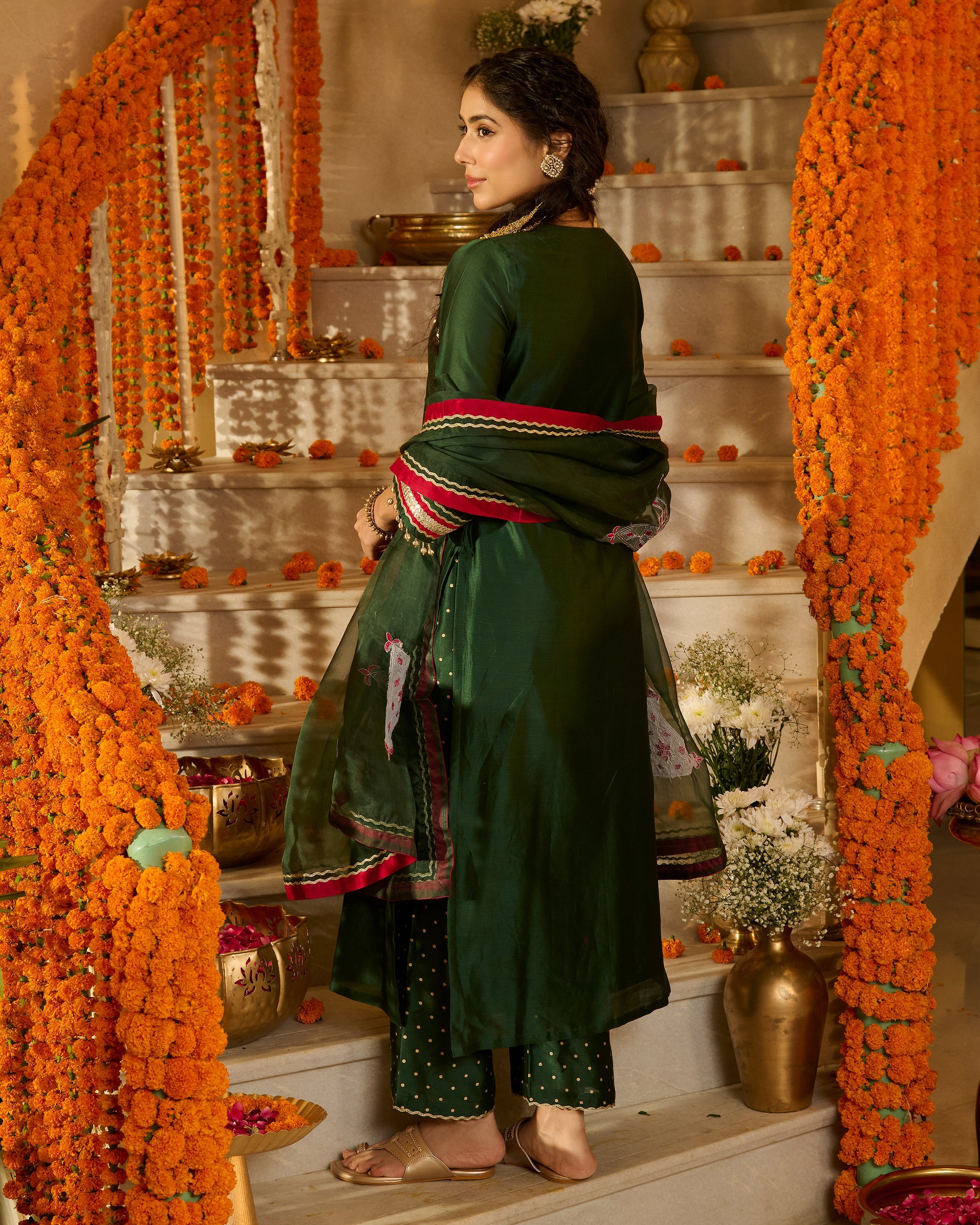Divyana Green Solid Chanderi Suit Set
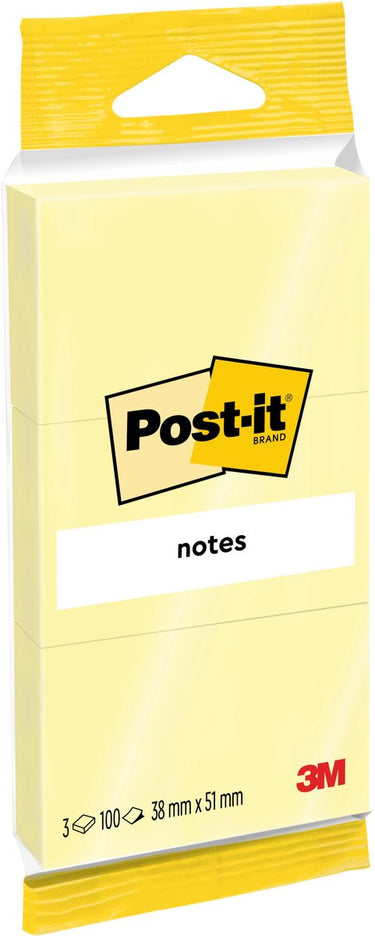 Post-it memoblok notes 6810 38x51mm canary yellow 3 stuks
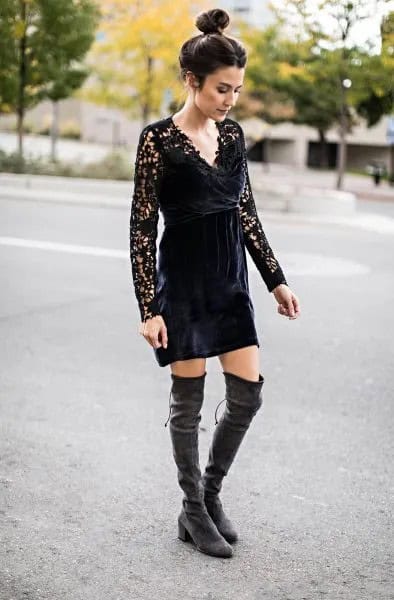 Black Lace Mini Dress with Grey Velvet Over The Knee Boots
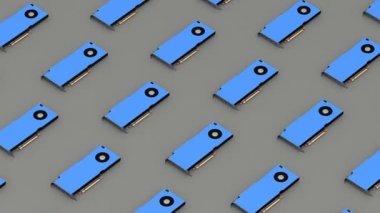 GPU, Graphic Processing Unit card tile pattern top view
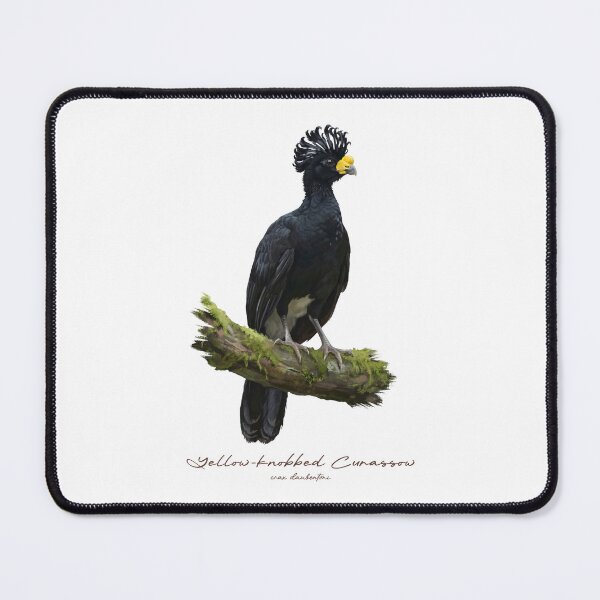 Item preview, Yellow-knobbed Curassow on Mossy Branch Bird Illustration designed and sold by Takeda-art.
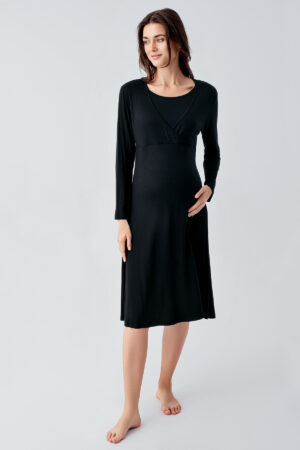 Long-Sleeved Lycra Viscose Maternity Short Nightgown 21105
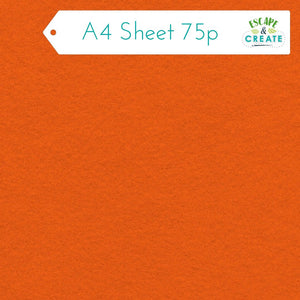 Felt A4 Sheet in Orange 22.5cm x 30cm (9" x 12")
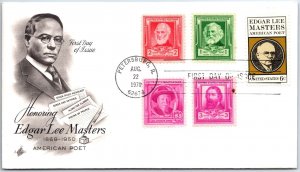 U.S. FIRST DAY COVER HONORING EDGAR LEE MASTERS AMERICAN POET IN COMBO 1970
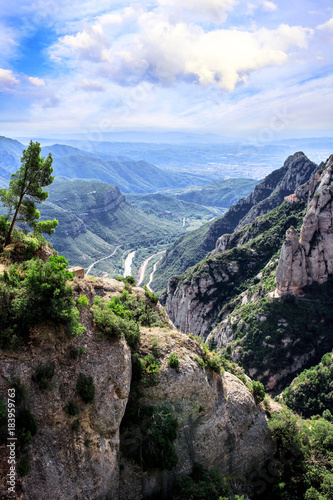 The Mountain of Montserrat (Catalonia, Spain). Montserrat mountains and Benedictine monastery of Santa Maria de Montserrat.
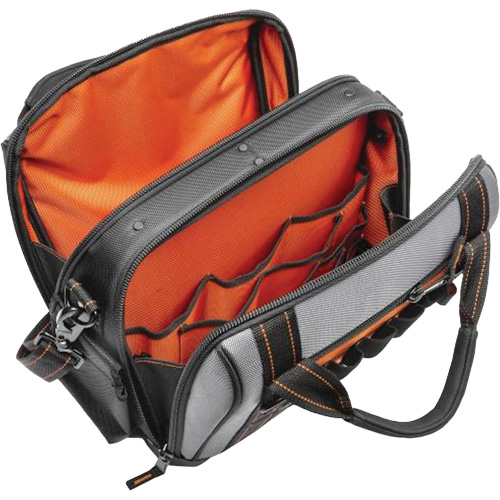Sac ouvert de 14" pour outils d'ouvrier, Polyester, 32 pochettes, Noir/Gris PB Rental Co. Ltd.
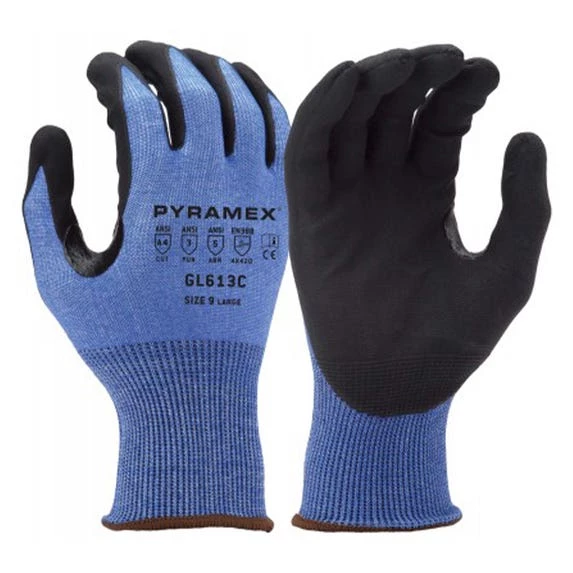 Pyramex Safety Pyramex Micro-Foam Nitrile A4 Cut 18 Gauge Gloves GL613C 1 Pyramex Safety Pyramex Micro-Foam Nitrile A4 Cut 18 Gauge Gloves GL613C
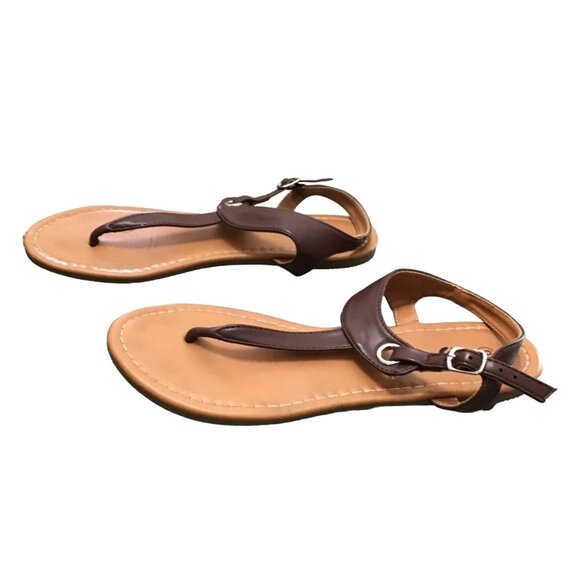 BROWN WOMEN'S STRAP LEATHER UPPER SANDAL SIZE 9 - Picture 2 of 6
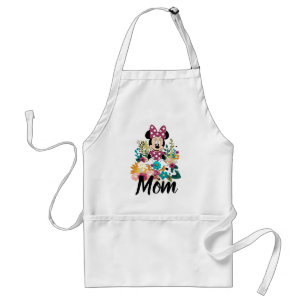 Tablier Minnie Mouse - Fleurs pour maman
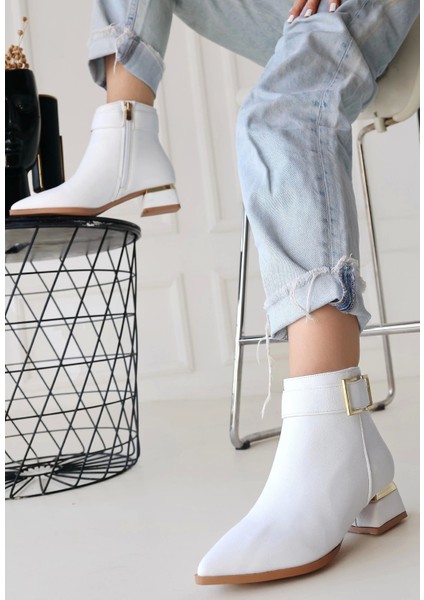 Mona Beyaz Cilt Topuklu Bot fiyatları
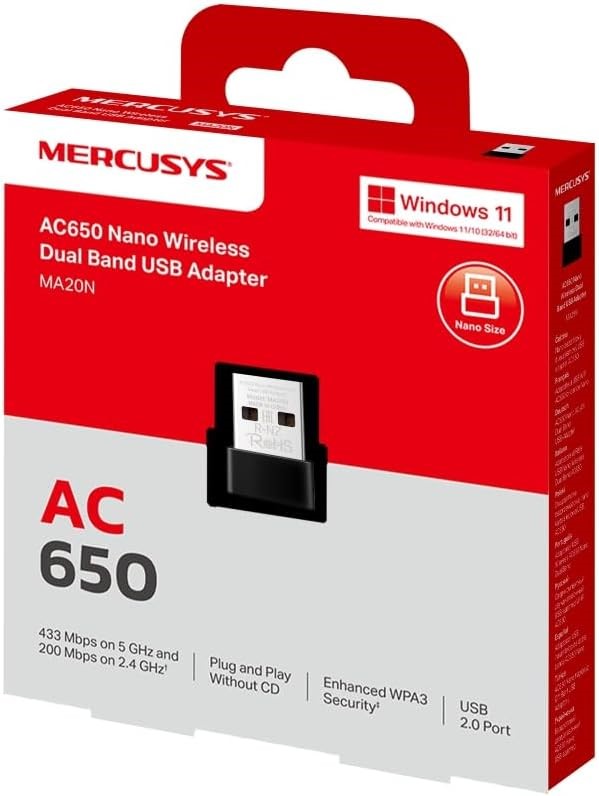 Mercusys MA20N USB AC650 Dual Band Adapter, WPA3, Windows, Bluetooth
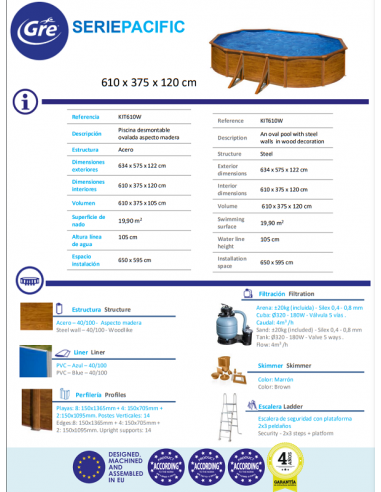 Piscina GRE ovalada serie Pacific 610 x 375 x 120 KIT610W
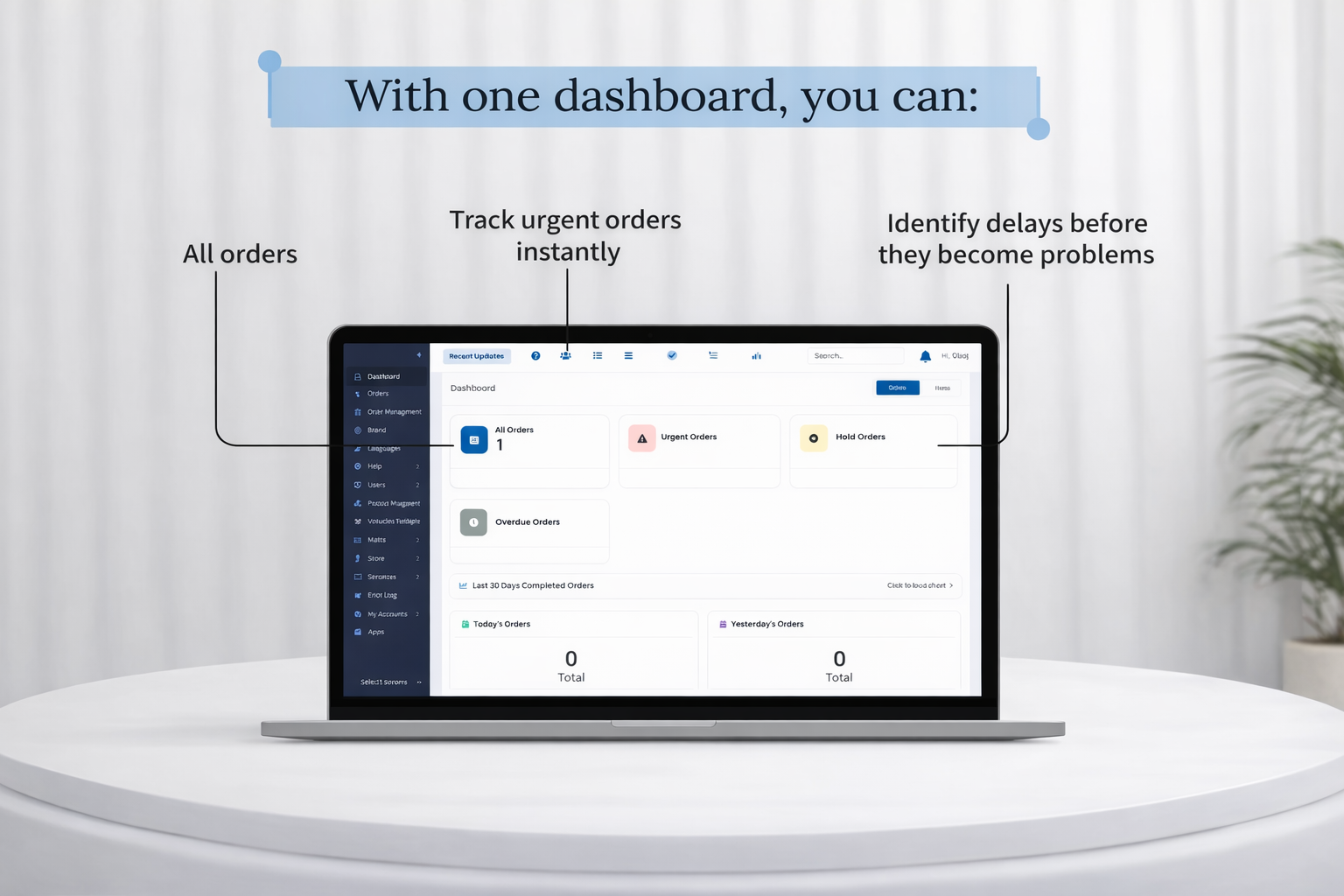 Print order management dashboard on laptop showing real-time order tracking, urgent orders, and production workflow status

-----

▸ **PROMPT**
What is needed is a verbatim copy of the lines running from the one with "Mercusys MA20N USB" through the last line of the listing above, excluding any pictures.

▸ **RESPONSE TO THE TASK**
 Mercusys MA20N USB AC650 Dual Band Adapter, WPA3, Windows, Bluetooth
 Piscina GRE ovalada serie Pacific 610 x 375 x 120 KIT610W
 Print order management dashboard on laptop showing real-time order tracking, urgent orders, and production workflow status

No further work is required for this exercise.